The expected result is an exact restatement of the data, free of pictures.

### [DATASET SECTION]
· · · ·

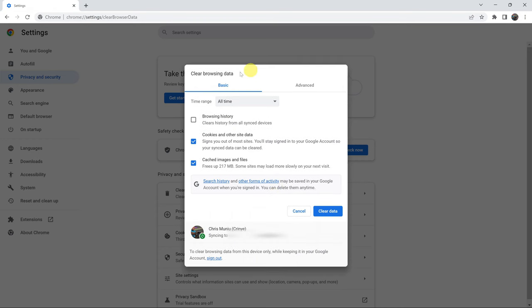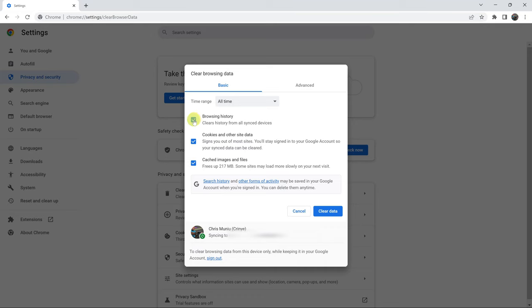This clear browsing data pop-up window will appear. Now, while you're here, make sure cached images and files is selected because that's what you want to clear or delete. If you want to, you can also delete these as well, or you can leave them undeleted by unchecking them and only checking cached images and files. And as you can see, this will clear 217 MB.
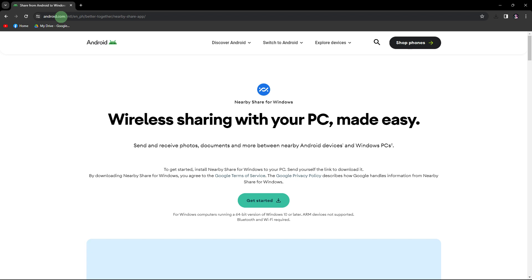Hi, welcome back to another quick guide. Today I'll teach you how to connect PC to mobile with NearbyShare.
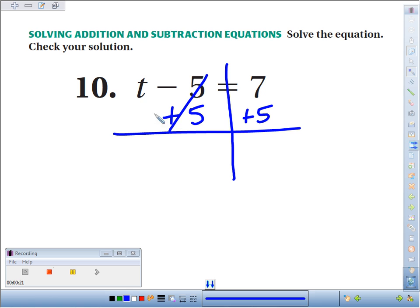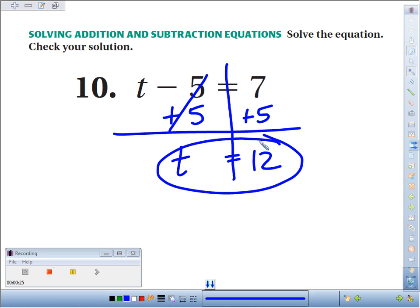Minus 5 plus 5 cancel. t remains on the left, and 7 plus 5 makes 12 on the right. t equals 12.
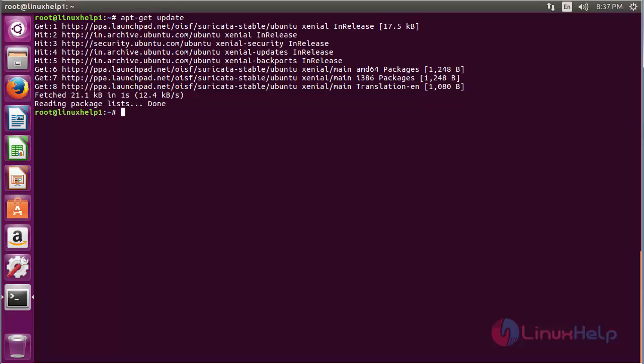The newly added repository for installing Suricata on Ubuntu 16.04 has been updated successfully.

· · · ·

### [TASK RESPONSE]
This clear browsing data pop-up window will appear. Now, while you're here, make sure cached images and files is selected because that's what you want to clear or delete. If you want to, you can also delete these as well, or you can leave them undeleted by unchecking them and only checking cached images and files. And as you can see, this will clear 217 MB.
Hi, welcome back to another quick guide. Today I'll teach you how to connect PC to mobile with NearbyShare.
Minus 5 plus 5 cancel. t remains on the left, and 7 plus 5 makes 12 on the right. t equals 12.
The newly added repository for installing Suricata on Ubuntu 16.04 has been updated successfully.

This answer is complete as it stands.